How to get SegNet running in year 2020 (or 2021)

Filip Drapejkowski
5 min readNov 13, 2020

SegNet is a deep neural network that performs semantic segmentation, with the most common use case being automotive segmentation of the visible road and the objects around it.

Semantic segmentation of elements around a road.

The authors provided not only the publication, but also their source code, datasets, trained weights, and a tutorial. However, following these materials won’t result in working code in 2020/2021. Their code uses a modified fork of a caffe deep learning framework.
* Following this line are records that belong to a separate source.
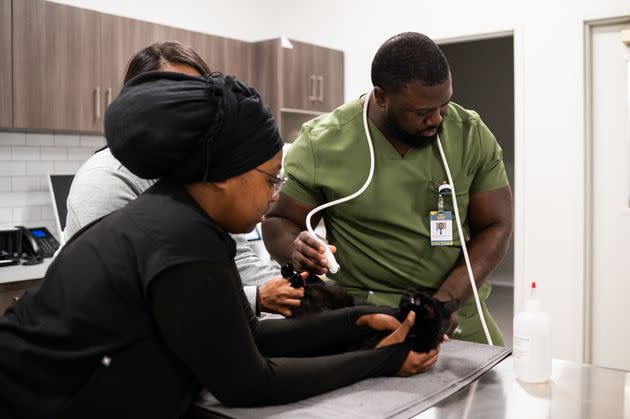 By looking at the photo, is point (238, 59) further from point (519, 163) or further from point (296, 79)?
point (519, 163)

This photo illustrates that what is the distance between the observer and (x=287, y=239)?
5.37 feet

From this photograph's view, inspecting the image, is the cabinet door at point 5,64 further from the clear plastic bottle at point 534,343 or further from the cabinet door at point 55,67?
the clear plastic bottle at point 534,343

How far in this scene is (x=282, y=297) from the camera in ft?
4.45

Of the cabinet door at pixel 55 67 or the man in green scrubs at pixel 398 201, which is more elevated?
the cabinet door at pixel 55 67

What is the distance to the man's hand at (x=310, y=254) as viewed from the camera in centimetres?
135

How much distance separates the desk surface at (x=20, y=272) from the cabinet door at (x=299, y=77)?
6.01 ft

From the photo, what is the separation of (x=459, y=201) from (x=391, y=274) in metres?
0.25

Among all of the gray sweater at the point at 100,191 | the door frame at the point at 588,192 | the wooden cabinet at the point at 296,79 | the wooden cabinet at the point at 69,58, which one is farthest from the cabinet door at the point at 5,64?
the door frame at the point at 588,192

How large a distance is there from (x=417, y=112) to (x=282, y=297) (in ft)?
1.72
Caffe probably is the best written and clearest deep learning framework that has even been designed, but unfortunately it’s rarely maintained and it takes some effort to make it work.

Here is the list of official resources:

http://mi.eng.cam.ac.uk/projects/segnet/ — their webpage
https://arxiv.org/abs/1511.00561 — the paper
http://mi.eng.cam.ac.uk/projects/segnet/tutorial.html — tutorial
https://github.com/alexgkendall/caffe-segnet — the code https://github.com/alexgkendall/SegNet-Tutorial/weights and network definitions

Below are the steps I made to debug the problems that appeared during the build process (CPU version, Ubuntu 16.04).
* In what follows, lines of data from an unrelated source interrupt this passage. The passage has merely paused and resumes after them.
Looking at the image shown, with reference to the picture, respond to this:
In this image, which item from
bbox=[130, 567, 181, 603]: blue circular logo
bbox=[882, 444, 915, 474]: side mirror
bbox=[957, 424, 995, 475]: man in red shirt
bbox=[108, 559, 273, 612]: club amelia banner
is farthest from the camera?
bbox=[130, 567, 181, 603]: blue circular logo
Building the custom caffe version

git clone https://github.com/alexgkendall/caffe-segnet
cd caffe-segnet

In general caffe is written in c++ (although it supports python via pycaffe), so we need to build the project. We can use cmake to generate a makefile for us, or manually adjust existing makefile and corresponding makefile.config. Let’s go with the second option.

cp Makefile.config.example Makefile.config
make all -j

Ok, we’re done. Just kidding, I got a lot of errors and probably so did you. Beware that the order of handled problems might be different for you, so scroll this article down if needed. After each step, rebuild to apply changes:

make clean
make all -j
#if your computer hangs, use -j4 or -j2 to limit concurrency

Moving from GPU to CPU.

Ignore this section (obviously) if you are using your shiny gaming PC or a devbox with 8 fancy GPUs.

Probably you got one of the following errors, or something related to cuda or cudnn:

make: /usr/local/cuda/bin/nvcc: Command not found
fatal error: cublas_v2.h: No such file or directory

Uncomment line 8 in Makefile.config

# CPU_ONLY := 1

HDF5 related issues

fatal error: hdf5.h: No such file or directory
compilation terminated

Let’s make sure the dependencies are there:

sudo apt-get install libhdf5-10
sudo apt-get install libhdf5-serial-dev
sudo apt-get install libhdf5-dev
sudo apt-get install libhdf5-cpp-11
# output in my case:
#libhdf5-dev is already the newest version

Still the same error. Let’s locate our file and add it to CPATH environmental variable:

find /usr -iname "*hdf5.h*"
# got:
# /usr/include/hdf5/serial/hdf5.h
# /usr/include/opencv2/flann/hdf5.h
# Let's try the first one.
export CPATH="/usr/include/hdf5/serial/"

A new error, that means we are making progress!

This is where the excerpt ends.